The main objective of the merger between the two companies was to overcome their financial difficulties in order to resume the editing of the Enciclopedia Universal Ilustrada Europeo-Americana («Universal Illustrated European-American Encyclopedia»). As a result of these efforts, this monumental project (better known as Enciclopedia Espasa, or Enciclopedia Espasa-Calpe) was completed in 1930 with the publication of its seventieth and final volume.

Since its founding, Espasa-Calpe was in charge of printing the handbooks and reference works of the Real Academia Española de la Lengua (Royal Spanish Academy); the first of these was the Diccionario Manual Ilustrado de la Lengua Española, an illustrated dictionary of the Spanish language which appeared in 1926.

The Colección Universal (1919-1935), created by Espasa, had been the first collection of paperback books in Spanish; following its philosophy, the Colección Austral was launched in 1937. The thousands of titles that would eventually form this collection were originally grouped into nine series; each one corresponded to a genre and was designated by the color in which the covers were printed.

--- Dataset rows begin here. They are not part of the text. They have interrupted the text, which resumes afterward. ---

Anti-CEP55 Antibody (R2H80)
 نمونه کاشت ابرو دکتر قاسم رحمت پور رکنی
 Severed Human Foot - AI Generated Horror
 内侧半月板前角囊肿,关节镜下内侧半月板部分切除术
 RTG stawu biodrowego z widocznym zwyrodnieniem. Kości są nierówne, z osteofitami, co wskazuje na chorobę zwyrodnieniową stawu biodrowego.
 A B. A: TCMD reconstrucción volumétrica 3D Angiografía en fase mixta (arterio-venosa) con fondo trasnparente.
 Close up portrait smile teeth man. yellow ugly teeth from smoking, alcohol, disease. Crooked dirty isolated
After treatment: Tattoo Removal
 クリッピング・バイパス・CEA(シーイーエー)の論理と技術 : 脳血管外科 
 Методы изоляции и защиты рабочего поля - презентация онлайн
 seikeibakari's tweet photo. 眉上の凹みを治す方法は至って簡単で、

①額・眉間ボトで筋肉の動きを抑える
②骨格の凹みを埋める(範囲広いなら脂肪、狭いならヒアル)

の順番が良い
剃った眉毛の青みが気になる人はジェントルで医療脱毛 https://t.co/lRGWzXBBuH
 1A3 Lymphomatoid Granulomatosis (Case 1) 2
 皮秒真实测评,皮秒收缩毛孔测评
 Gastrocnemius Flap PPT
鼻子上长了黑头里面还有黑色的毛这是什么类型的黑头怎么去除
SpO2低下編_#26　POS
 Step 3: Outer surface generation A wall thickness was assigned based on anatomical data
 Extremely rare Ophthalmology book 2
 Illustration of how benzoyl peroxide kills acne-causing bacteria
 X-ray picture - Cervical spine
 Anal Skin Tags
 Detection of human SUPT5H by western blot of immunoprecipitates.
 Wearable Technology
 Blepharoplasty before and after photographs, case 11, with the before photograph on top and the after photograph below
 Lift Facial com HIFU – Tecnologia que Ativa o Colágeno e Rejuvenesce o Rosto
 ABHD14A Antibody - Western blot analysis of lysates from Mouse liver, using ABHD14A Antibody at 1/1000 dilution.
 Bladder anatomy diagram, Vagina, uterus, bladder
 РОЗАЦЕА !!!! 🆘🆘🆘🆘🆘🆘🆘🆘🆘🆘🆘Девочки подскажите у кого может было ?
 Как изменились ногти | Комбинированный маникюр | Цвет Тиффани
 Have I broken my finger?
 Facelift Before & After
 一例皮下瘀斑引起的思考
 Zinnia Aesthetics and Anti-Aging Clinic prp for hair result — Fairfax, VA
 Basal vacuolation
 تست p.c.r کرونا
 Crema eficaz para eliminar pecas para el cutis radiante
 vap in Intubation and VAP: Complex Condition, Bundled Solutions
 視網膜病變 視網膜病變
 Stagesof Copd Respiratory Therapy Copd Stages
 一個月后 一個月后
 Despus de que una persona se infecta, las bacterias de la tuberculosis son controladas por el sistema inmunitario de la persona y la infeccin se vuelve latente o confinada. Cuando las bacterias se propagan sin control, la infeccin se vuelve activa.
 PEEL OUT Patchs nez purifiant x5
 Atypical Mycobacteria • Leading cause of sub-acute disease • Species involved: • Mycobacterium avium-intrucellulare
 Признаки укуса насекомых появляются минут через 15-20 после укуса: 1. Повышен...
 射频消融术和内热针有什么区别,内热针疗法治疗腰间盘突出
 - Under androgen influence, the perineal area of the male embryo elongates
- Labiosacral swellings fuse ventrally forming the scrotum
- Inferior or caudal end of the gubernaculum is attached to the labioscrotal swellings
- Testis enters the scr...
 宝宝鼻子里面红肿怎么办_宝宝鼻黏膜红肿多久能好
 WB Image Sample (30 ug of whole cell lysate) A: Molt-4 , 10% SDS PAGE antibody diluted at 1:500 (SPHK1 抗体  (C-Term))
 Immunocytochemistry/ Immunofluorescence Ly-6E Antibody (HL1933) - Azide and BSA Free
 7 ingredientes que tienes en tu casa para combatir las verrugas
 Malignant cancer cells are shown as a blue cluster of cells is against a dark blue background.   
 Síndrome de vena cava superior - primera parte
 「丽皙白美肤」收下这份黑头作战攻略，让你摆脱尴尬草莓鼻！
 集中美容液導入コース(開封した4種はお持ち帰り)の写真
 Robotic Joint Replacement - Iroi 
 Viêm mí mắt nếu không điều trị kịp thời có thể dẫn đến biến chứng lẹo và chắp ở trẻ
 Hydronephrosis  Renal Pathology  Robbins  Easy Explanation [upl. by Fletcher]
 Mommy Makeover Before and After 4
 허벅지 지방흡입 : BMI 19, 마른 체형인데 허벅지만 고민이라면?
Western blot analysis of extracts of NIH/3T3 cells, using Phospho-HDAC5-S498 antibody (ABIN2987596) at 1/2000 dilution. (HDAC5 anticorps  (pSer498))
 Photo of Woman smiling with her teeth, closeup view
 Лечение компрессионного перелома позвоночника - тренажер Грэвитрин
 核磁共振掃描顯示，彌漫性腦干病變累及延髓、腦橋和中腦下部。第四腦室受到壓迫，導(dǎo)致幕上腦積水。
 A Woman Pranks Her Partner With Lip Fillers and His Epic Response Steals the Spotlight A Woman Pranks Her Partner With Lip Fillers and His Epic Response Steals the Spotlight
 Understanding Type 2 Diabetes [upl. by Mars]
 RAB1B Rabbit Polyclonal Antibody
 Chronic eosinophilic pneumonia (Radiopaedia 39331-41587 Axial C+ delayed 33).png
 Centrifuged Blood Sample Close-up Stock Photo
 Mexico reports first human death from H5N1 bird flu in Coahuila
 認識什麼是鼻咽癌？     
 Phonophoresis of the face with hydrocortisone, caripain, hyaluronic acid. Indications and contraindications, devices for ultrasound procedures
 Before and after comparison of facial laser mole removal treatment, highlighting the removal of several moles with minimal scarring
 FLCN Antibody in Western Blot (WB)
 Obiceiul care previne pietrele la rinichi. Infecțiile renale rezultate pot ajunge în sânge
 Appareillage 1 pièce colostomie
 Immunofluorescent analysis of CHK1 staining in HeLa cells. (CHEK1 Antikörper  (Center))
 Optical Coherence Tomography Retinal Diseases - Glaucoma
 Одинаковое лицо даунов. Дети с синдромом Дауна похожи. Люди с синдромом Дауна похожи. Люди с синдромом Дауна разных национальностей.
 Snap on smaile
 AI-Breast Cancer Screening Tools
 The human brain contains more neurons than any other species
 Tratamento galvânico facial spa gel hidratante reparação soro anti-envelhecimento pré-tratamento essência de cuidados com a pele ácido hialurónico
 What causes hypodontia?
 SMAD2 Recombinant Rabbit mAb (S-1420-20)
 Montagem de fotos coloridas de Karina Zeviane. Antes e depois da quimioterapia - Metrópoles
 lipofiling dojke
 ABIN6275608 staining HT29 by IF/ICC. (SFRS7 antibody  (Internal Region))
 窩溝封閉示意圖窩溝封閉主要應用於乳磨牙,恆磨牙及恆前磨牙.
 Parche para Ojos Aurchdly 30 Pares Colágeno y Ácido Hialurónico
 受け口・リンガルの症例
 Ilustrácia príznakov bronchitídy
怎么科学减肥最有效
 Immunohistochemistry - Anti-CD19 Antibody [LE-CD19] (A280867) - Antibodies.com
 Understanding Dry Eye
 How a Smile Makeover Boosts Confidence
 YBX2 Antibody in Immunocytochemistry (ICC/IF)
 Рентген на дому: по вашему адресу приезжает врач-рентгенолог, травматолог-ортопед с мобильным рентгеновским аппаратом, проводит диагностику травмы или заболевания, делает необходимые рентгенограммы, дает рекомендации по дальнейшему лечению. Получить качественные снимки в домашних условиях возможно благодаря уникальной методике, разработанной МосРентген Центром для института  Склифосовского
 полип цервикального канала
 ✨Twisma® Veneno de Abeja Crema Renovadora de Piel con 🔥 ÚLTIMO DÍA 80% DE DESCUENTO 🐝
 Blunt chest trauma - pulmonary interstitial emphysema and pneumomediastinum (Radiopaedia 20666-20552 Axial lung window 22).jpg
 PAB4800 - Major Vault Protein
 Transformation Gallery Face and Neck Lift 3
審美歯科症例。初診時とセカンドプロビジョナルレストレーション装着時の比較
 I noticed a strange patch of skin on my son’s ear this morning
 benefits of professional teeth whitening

Thus, narrative texts (novels and short stories) comprised the Serie Azul («Blue Series»); biographies were included in the Serie Naranja («Orange Series»); plays and poetry, in the Serie Violeta («Violet Series»). Along with these, the essays of the Serie Verde («Green Series») and the classic works of the Serie Gris («Gray Series») were especially popular. On the back cover, in addition to detailing this classification, the publishing house boasted of offering "complete, authorized editions, beautifully presented, and very economical".